Recorded data:
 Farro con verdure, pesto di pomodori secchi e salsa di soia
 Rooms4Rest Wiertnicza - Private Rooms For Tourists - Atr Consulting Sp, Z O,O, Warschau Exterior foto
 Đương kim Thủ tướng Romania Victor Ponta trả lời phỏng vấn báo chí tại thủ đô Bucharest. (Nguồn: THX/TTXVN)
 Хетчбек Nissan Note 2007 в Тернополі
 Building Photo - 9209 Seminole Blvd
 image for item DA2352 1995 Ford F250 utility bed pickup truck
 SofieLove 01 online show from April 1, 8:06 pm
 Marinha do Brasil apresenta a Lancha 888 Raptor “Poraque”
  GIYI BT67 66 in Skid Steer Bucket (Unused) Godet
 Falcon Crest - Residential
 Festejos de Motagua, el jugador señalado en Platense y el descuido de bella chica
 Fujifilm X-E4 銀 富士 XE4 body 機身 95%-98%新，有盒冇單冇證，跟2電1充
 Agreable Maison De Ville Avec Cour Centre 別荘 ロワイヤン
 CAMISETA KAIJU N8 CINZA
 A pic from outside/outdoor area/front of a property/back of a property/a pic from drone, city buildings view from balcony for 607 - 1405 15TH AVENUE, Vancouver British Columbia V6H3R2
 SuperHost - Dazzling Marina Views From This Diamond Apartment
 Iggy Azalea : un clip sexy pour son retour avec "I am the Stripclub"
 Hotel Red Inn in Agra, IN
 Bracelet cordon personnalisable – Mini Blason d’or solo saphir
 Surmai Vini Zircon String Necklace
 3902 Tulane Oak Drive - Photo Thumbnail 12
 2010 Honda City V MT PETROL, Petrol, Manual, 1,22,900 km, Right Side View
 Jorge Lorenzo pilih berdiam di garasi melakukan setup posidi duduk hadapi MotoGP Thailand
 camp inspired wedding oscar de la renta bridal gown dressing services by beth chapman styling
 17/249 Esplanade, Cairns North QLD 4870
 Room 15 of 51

Task instructions: Could you copy every record above exactly as written?

Response to this exercise:
 Farro con verdure, pesto di pomodori secchi e salsa di soia
 Rooms4Rest Wiertnicza - Private Rooms For Tourists - Atr Consulting Sp, Z O,O, Warschau Exterior foto
 Đương kim Thủ tướng Romania Victor Ponta trả lời phỏng vấn báo chí tại thủ đô Bucharest. (Nguồn: THX/TTXVN)
 Хетчбек Nissan Note 2007 в Тернополі
 Building Photo - 9209 Seminole Blvd
 image for item DA2352 1995 Ford F250 utility bed pickup truck
 SofieLove 01 online show from April 1, 8:06 pm
 Marinha do Brasil apresenta a Lancha 888 Raptor “Poraque”
  GIYI BT67 66 in Skid Steer Bucket (Unused) Godet
 Falcon Crest - Residential
 Festejos de Motagua, el jugador señalado en Platense y el descuido de bella chica
 Fujifilm X-E4 銀 富士 XE4 body 機身 95%-98%新，有盒冇單冇證，跟2電1充
 Agreable Maison De Ville Avec Cour Centre 別荘 ロワイヤン
 CAMISETA KAIJU N8 CINZA
 A pic from outside/outdoor area/front of a property/back of a property/a pic from drone, city buildings view from balcony for 607 - 1405 15TH AVENUE, Vancouver British Columbia V6H3R2
 SuperHost - Dazzling Marina Views From This Diamond Apartment
 Iggy Azalea : un clip sexy pour son retour avec "I am the Stripclub"
 Hotel Red Inn in Agra, IN
 Bracelet cordon personnalisable – Mini Blason d’or solo saphir
 Surmai Vini Zircon String Necklace
 3902 Tulane Oak Drive - Photo Thumbnail 12
 2010 Honda City V MT PETROL, Petrol, Manual, 1,22,900 km, Right Side View
 Jorge Lorenzo pilih berdiam di garasi melakukan setup posidi duduk hadapi MotoGP Thailand
 camp inspired wedding oscar de la renta bridal gown dressing services by beth chapman styling
 17/249 Esplanade, Cairns North QLD 4870
 Room 15 of 51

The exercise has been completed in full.